Wenn ich so darüber nachdenke, kommt mir das alles reichlich unverschämt vor. Nicht, dass es mich wundert: Wir Amerikaner tragen schließlich jedes Jahr eine Weltmeisterschaft aus in einer populären Sportart (Baseball), an der ausschließlich Mannschaften aus den USA teilnehmen. Aber wenn ich ein Kanadier, ein Mexikaner, Peruaner, Brasilianer oder Kubaner wäre, dann würde es mich ganz schön wurmen zu sehen, wie ein einziges Land den Namen zweier kompletten Kontinente an sich reißt und daraus seine nationale Identität zimmert.

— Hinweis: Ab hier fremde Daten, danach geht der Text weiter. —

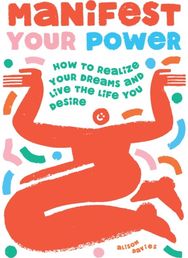Manifest Your Power: How to Realize Your Dreams and Live the Life You Desire How to Realize Your Dreams and Live the Life You Desire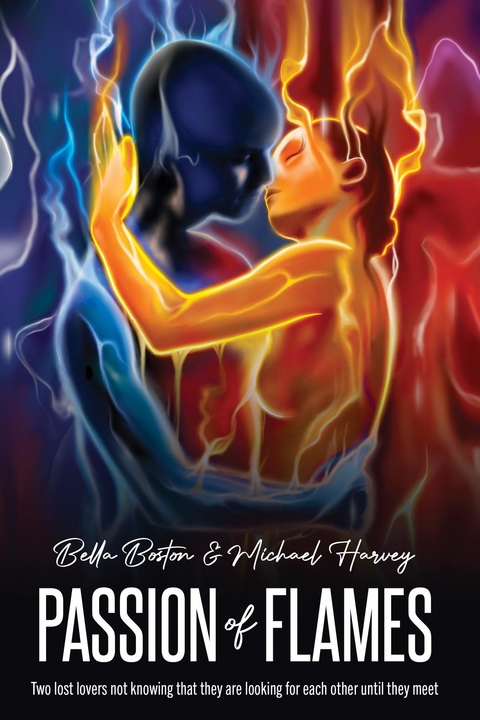 Passion of Flames -  Bella Boston,  Michael Harvey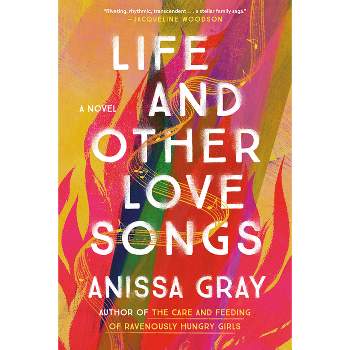 Life and Other Love Songs - by Anissa Gray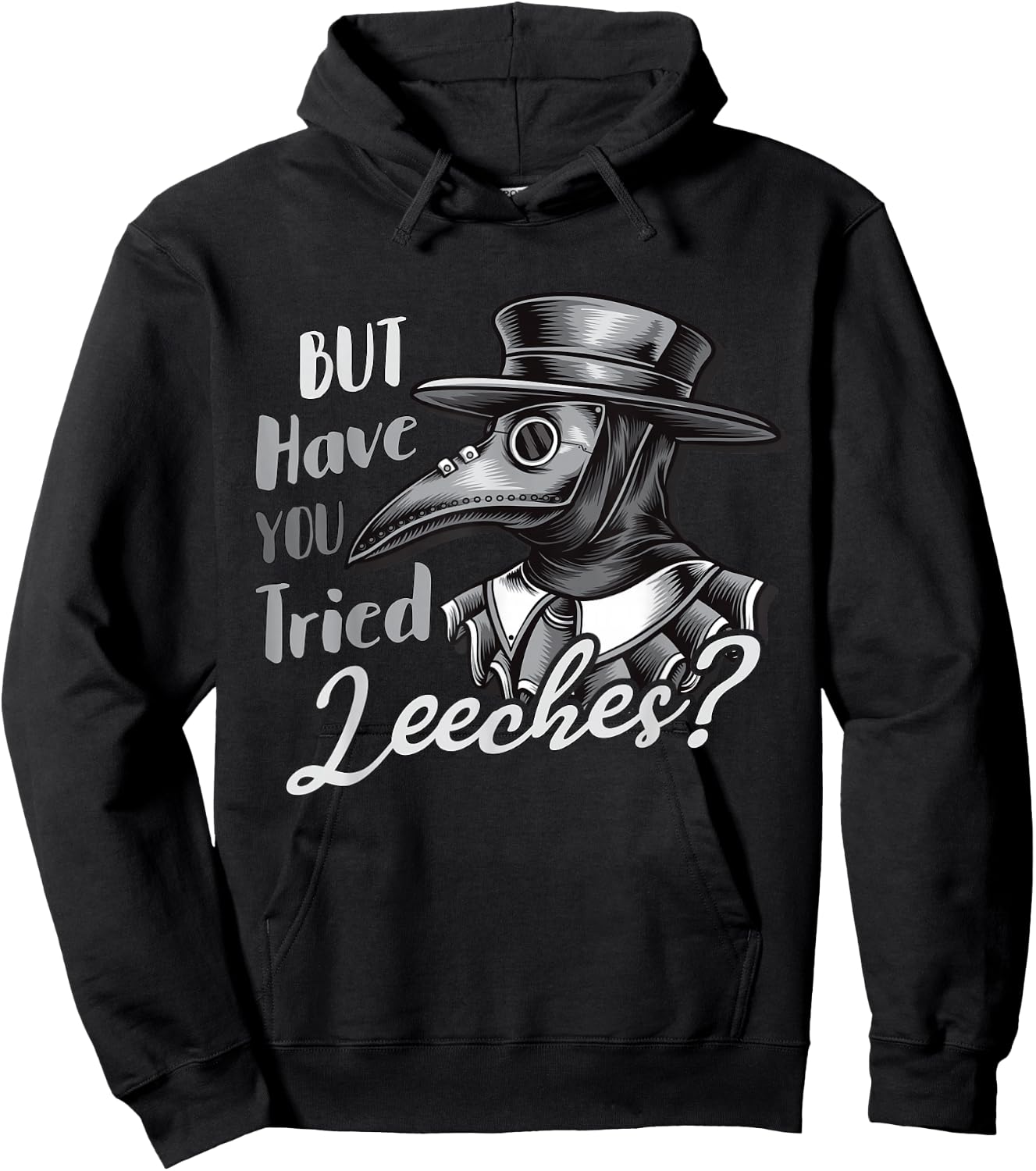 Funny Goth Plague Doctor | But Have You Tried Leeches Hoodie - Hoodie | Black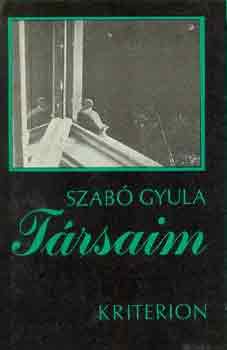 Szab� Gyula - T�rsaim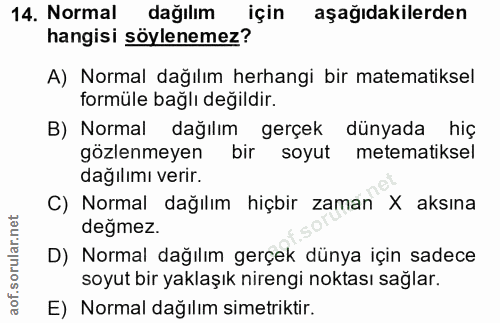 14. soru: Normal dağılım için aşağıdakilerden hangisi söylenemez? A) Normal dağılım herhangi bir matematiksel formüle bağlı değ…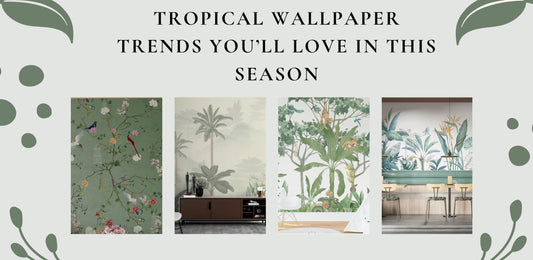 TROPICAL WALLPAPER TRENDS YOU’LL LOVE IN THIS SEASON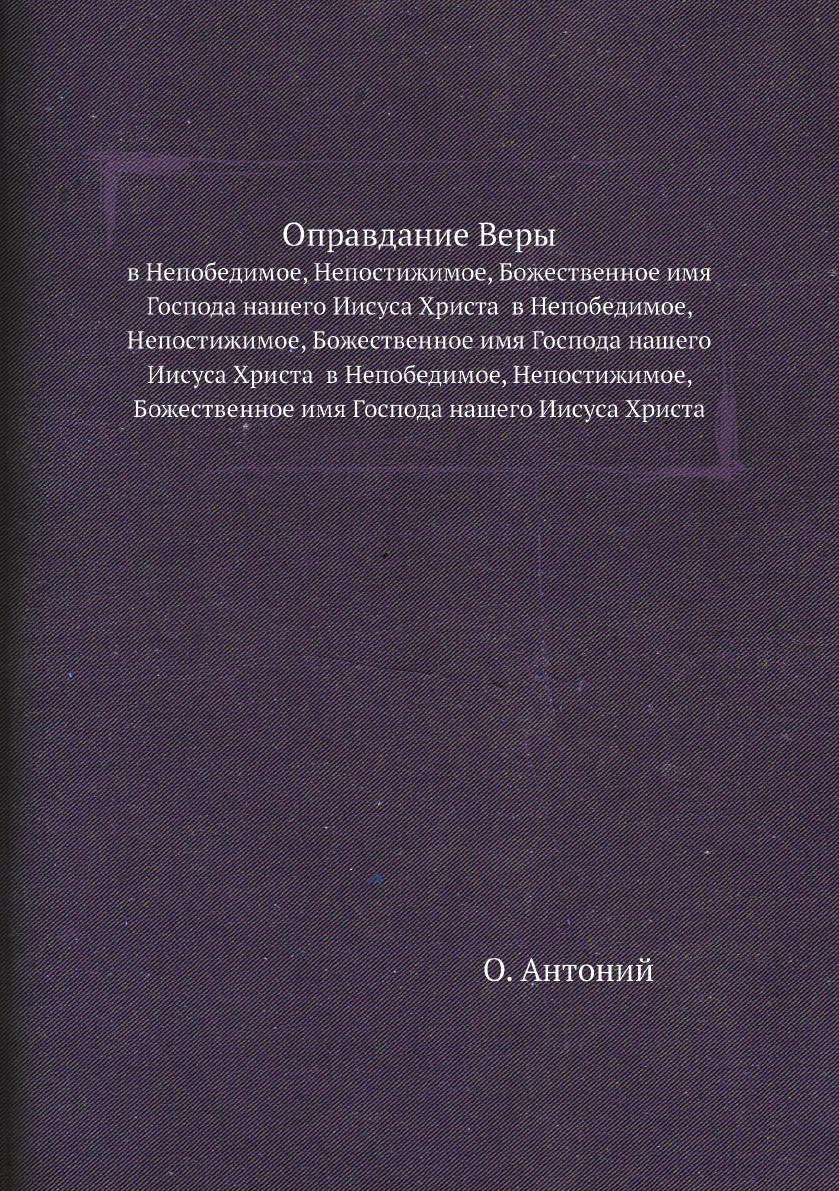 

Оправдание Веры. в Непобедимое, Непостижимое, Божественное имя Господа нашего Иис...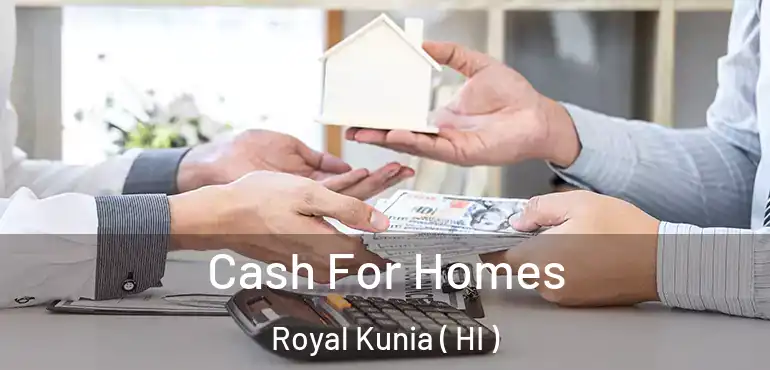  Cash For Homes Royal Kunia ( HI )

Fast noch interessanter ist aber, dass die ganze Welt das offenbar in Ordnung findet. In Deutschland stört sich keiner daran, die US-Bewohner als Amerikaner zu bezeichnen. Und nur sehr gelegentlich verwenden die Medien die einschränkende Formulierung „Vereinigte Staaten von Nordamerika“, um das Land und seine Bewohner wenigstens von den Staaten des Südkontinents abzugrenzen. Die Kanadier können ja sehen, wo sie bleiben.
In Frankreich ist jetzt wenigstens ein kleiner Streit über diesen Sprachgebrauch entbrannt. Martine Rousseau und Oliver Houdart, zwei Redakteure der Online-Ausgabe der Tageszeitung „Le Monde“, haben in ihrem Sprach-Blog die Frage gestellt, warum der gemeine Franzose nach wie vor dem „les Américains“ (großgeschrieben) spricht, wenn sie einen US-Bürger meinen, aber nicht von „les américains“ (kleingeschrieben), wenn sie alle Bewohner der beiden Kontinente bezeichnen wollen.
Die beiden wollten keine große politische Diskussion vom Zaum brechen, sondern lediglich eine zwar weitverbreitete, aber unpräzise Sprachgewohnheit geißeln. Wenn sich die Bezeichnung eines Staatsbürgers von dem Staatsnamen ableitet, schreiben sie, dann müsste ein Bewohner der „Ètats-Unis“, wie die Vereinigten Staaten auf Französisch heißen, doch eigentlich „Ètats-Unien“ heißen.
Die Reaktion der verehrten Leserschaft hat die beiden Autoren ziemlich überrascht. Sie wurden nämlich von Zuschriften überschwemmt, in denen sie der antiamerikanischen Hetzpropaganda bezichtigt wurden. Selbst gemäßigtere Leser fanden die Bezeichnung „Ètats-Unien“ unappetitlich, unmusikalisch, snobistisch, sarkastisch oder schlicht unschön. Dass die althergebrachte Bezeichnung „Américain“ unpräzise sei, scheint niemanden zu stören. „Obwohl wir uns freuen würden, als die Erfinder eines neuen linguistischen Mandats zu gelten, müssen wir feststellen, dass Américain offenbar eine historische Legitimation besitzt, während États-Unien als Herausforderer eine lexikalische Lücke schließt – ja, eigentlich ergänzen sie sich, und wir sollten sie kohabitieren lassen.“
Im übrigen haben mehrere Leser von „Le Monde“ eine einfache und sinnfällige Lösung des Problems vorgeschlagen: Man könnte die Bürger der USA ja „Usanos“ nennen. Sie leiten das Wort übrigens aus dem Griechischen ab (was wiederum allerdings die Griechen und einige Altphilologen bei uns verwirren dürfte, denn die Initialen „U“, „S“ und „A“ heißen „Ypsilon, „Sigma“ und „Alpha“ auf Griechisch).
Ich bin mir nicht sicher, ob ich damit glücklich werden könnte, mich in Zukunft als Usano bezeichnen zu lassen. Irgendwie klingt das wie der Bewohner eines bislang noch unentdeckten Planeten. Aber vielleicht ist es ja gerade deshalb besonders passend.